The Internet has lots of information on how to treat tennis elbow (aka lateral epicondylitis) but you need to be careful. Some treatments may leave you worse off.
As a martial artist, chiropractor and father of a young boy, elbow pain should go on the list of eventualities. At one point when Keegan was younger and wanted to be carried seemingly all the time, I was dealing with bilateral medial AND lateral epicondylitis. For those of you unfamiliar with the terms, the inside AND outside of BOTH elbows hurt. A lot.
I’ve always said that the benefit of being in the martial arts for all these years is that I’ve had pretty much everything my patients come in with. And as a chiropractor specializing in treating patient’s pain, anything that I’ve had myself I find that I’m usually better at treating. And our office is pretty darn good at treating most of what our patients come in with anyway.
With that in mind, I can tell you that treating elbow pain can be tough. Maybe it’s because by the time patients present for treatment of his or her elbow pain it’s already been going on for WAY too long. Maybe it’s because we are such a manually-oriented creature and the muscles, tendons, ligaments and fascia involved in elbow pain are constantly being abused.
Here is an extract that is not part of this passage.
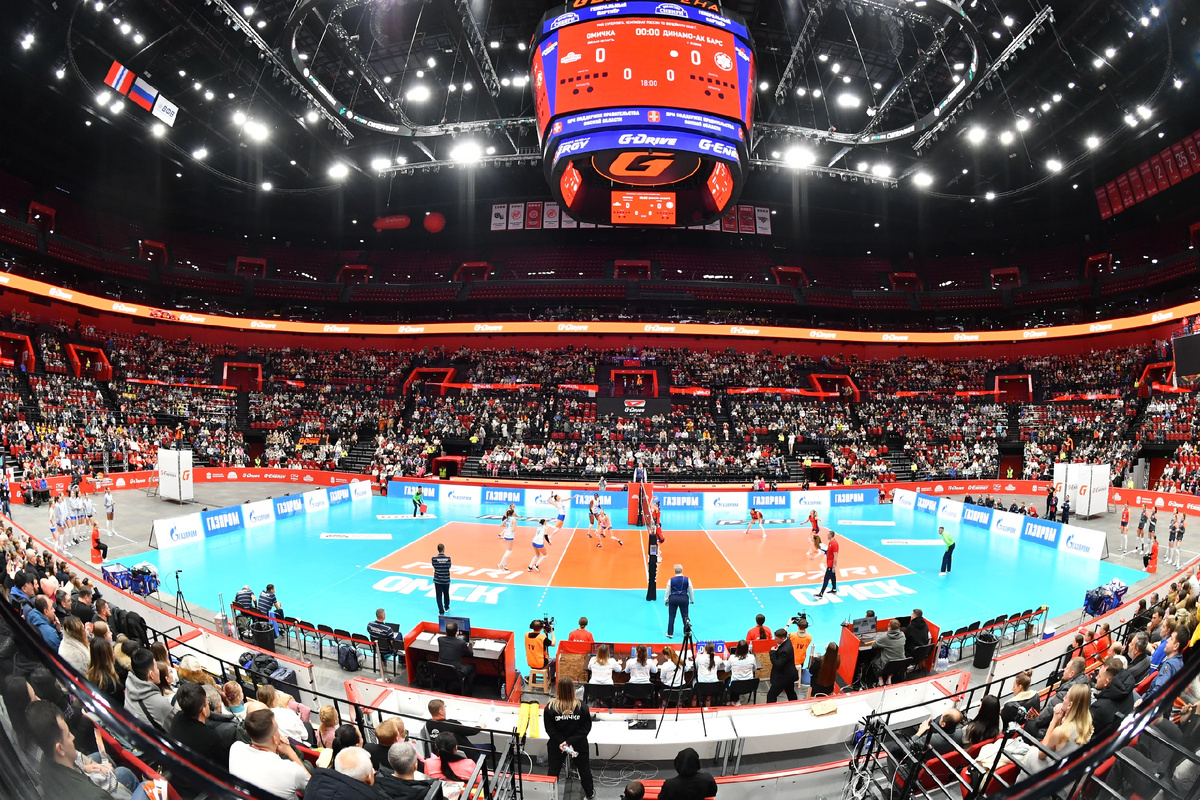 Матч «Омичка» — «Динамо-Ак Барс» на G-Drive арене в 2024 году собрал 5 200 зрителей. Фото: Юлия Решетняк, официальный сайт «Омички»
What many patients who present with elbow pain are not aware of is that the soft tissues surrounding the elbow and associated with elbow pain are NOT elbow muscles. Rather, they are the muscles involved in finger and wrist movements (which is why treatment of carpal tunnel HAS to involve the soft tissues around the elbow).
Further, while the condition is called an “itis,” inflammation is actually not likely to be present. Rather, the condition is one of scar tissue. Overuse the area and inflammation occurs initially. Since the human body doesn’t heal at 100% some dysfunctional tissue is going to be left after that episode is done. This is the stage where the use of NSAIDs to calm the inflammation of the initial injury is probably going to leave you with MORE scar tissue.
Scar tissue is easier to injure, so you re-injure the soft tissues of the elbow. It heals with MORE scar tissue. The cycle repeats over and over again. As you can see, the scar tissue is the problem, NOT the inflammation.
This is why anti-inflammatories do almost nothing to fix the problem and why cortisone injections may only make the problem worse.
And just in case you don’t think that’s accurate, let me introduce you to this particular study.
Researchers looked at the use of physiotherapy and cortisone injections on outcomes at one year in lateral epicodylitis (aka tennis elbow–named so for the force on the outside of the elbow when the tennis ball hits the backhand swing). Here’s what they found:
- Patients with injections were 14% less likely to report complete recovery or “much improvement” at 1 year over placebo injection.
- Injectors were 77% more likely to report recurrence at 1 year (Tweet this).
Given that many doctors whip out the cortisone needle before you’ve even gotten the word “elbow pain” out of your mouth, what are you supposed to do?
Here is the way we handle elbow problems in our office:
- The keystone of treatment is soft tissue work to the region. This can include Graston, Active Release or Fascial Manipulation.
- Manipulation of the elbow and wrist to make sure the joints in this area do not break down.
- Eccentric strengthening exercises to rebuild strong soft tissues after we break them down with the soft tissue treatment. Use usually recommend the use of a Therabar with some variation of an exercise called the Tyler twist.
With this approach, the vast majority of patients will respond very well to elbow pain. My personal opinion (which is now supported by this article, which moves it more towards “fact” and less my opinion…) is that NSAIDs and cortisone injections are very bad for elbow pain and will likely make the condition MUCH more difficult to treat in the long run.
If you have had elbow pain, what did YOU do to recover?